Live of Indians in Saudi Arabia have altered drastically in the last year: there's a new 'family tax,' family visas are no longer free, charges of temporary visas have more than doubled, and fuel, water and power costs have shot through the roof.
This has left many helpless, unable to carry on in Saudi, but failing to find jobs in India too.
'Family tax' went up from zero to 200 riyals
Last July, the Saudi government introduced the family tax, or dependent tax, which requires employed expats to pay a 'tax' for each dependent in his family.
When it was launched, it was fixed at 100 riyals (Rs. 1,700) a month. This month, it was doubled to 200 (Rs. 3,660).
It will increase to 300 riyals (Rs. 5,490) next July, and 400 (Rs. 7,320) in July'20.
Hiked charges for visas, power, water
That's not all. Family visas, earlier free, cost 2,000 riyals (Rs. 36,590) now. A single-exit reentry visa, which cost 200 riyals for a year earlier, now costs the same for two months, and 100 riyals for each additional month.
Fuel prices have doubled since December, from 0.90 riyal per liter of Octane 95 to 2 riyals now. Electricity rates have trebled.
500 families have already returned from Saudi, reports say
For an Indian construction worker earning 2,500 riyals (Rs. 46,000), these extra expenses are taking a toll.
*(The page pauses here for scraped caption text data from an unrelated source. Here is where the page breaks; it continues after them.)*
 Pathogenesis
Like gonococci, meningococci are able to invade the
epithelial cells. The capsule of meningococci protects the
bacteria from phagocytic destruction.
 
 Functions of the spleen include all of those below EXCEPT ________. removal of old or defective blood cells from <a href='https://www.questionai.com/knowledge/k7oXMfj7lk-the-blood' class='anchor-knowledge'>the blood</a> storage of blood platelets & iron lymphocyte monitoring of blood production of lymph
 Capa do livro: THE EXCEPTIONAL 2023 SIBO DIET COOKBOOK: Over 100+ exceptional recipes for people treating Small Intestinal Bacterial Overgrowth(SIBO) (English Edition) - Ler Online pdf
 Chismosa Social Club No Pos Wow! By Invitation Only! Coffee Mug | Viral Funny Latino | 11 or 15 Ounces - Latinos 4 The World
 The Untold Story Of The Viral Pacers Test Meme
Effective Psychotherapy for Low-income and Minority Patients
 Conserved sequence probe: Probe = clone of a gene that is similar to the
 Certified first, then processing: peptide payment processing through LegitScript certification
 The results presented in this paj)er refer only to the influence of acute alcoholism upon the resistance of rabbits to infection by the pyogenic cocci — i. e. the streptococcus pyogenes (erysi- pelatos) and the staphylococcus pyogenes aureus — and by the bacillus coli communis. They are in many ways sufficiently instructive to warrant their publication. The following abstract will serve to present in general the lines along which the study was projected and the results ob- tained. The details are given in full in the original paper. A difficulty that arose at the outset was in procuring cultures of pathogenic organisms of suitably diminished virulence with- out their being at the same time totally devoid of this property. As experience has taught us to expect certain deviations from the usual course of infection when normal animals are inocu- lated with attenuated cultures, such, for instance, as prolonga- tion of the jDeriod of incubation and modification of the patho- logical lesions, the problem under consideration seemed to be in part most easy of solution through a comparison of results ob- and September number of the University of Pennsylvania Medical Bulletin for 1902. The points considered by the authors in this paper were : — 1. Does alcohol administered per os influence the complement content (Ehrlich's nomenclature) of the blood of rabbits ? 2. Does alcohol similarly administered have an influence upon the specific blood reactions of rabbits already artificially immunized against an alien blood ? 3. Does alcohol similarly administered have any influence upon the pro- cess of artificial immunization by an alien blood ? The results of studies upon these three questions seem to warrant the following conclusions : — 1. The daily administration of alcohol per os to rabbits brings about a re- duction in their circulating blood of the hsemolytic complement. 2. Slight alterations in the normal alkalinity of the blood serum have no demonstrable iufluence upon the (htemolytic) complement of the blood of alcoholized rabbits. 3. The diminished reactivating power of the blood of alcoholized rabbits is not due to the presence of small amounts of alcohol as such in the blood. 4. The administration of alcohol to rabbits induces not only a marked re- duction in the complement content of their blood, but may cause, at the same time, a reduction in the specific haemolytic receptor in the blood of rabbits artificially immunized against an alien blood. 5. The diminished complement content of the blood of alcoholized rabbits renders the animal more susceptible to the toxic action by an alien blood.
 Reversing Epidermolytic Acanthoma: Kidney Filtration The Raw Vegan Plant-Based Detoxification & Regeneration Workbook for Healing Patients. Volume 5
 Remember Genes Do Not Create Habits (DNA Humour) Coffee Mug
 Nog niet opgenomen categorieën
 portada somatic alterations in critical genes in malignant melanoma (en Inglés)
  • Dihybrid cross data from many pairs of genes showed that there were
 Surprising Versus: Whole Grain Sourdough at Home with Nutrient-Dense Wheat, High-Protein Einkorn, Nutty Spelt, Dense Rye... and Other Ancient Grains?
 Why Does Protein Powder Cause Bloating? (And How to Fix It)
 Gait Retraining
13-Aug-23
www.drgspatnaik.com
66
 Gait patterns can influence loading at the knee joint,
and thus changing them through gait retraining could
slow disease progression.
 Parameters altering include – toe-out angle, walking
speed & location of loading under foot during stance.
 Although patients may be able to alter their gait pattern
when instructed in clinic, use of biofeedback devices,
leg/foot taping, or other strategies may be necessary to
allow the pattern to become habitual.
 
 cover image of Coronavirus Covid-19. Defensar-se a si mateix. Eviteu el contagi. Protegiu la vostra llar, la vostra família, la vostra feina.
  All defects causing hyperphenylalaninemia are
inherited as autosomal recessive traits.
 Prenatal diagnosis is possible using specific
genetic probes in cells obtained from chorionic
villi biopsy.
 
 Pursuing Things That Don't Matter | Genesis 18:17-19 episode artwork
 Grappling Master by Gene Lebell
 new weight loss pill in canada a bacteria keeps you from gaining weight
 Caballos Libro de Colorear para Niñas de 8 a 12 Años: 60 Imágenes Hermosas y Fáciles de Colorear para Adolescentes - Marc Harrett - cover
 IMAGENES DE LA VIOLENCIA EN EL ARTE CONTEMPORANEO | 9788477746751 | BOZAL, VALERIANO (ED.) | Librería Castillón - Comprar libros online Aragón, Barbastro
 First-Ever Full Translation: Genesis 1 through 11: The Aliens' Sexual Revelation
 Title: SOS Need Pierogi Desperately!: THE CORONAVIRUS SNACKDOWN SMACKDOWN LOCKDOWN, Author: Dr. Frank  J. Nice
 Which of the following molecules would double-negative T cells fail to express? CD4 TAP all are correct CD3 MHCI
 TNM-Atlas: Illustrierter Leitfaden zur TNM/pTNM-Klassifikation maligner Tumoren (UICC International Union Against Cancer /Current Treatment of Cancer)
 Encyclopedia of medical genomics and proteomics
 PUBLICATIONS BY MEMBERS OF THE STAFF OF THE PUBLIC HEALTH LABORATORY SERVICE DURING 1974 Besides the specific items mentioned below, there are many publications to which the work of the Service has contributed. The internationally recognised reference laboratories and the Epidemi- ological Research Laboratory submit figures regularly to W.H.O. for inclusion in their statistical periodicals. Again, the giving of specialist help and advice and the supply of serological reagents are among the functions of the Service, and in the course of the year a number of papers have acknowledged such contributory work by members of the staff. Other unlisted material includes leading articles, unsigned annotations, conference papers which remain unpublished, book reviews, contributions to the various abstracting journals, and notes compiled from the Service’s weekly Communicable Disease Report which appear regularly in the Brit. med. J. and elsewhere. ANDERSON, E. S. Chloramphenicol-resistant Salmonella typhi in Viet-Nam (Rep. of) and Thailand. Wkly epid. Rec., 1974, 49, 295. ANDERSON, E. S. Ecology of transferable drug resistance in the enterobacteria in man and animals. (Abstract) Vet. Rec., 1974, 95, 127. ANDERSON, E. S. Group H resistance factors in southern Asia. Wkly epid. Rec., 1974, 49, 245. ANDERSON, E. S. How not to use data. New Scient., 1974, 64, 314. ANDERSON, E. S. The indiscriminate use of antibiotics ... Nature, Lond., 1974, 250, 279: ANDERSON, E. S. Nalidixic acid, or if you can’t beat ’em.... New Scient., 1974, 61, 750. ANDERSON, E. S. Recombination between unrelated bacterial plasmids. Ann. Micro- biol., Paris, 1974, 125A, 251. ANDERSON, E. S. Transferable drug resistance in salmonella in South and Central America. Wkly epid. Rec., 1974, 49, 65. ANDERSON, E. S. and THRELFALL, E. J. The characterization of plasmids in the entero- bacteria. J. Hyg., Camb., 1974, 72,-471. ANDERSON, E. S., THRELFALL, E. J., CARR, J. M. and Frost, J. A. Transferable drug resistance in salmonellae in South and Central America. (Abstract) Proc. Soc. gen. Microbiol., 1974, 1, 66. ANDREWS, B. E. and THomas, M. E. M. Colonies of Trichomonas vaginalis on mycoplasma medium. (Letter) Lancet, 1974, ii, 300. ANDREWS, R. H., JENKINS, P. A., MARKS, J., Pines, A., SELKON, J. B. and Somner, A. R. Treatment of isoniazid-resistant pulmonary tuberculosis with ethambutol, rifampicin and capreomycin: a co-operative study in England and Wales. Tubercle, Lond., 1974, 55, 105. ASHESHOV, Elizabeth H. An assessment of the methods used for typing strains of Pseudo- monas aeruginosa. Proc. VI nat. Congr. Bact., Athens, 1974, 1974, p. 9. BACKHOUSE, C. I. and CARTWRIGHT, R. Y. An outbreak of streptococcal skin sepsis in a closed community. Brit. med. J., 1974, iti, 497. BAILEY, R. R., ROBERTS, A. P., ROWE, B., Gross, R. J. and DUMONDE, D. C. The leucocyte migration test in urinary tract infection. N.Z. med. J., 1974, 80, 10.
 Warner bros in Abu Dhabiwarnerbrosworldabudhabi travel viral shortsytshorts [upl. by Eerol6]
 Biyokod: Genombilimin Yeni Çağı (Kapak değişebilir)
As a result, many have been forced to return, or send back their families.
According to TOI, 500 of the total 1,200 families in the Gulf have returned from Saudi alone.
Till last year, Indians formed the largest expat group in Saudi, with 41L members.
'Even families with a decent income are returning'
Irshad, a Mangaluru-based engineer who too returned, insists the dependent fee isn't a "tax" but a fine, since the government doesn't provide any benefits in lieu.
An auto consultant in Saudi agrees, adding it is not just the low-income group which has been hit. "Even families with a decent income are doing it. The same money can be remitted back home."
As one problem sorted for returning migrants, another rises
This has led to a new problem: joblessness. A woman, who returned to Mysuru with her daughter, said, "I am a qualified teacher so I managed to find a job in Mysuru. But many of my friends who had returned with me are still struggling to find one."
Former migrants now want the government to step in and help those returning home.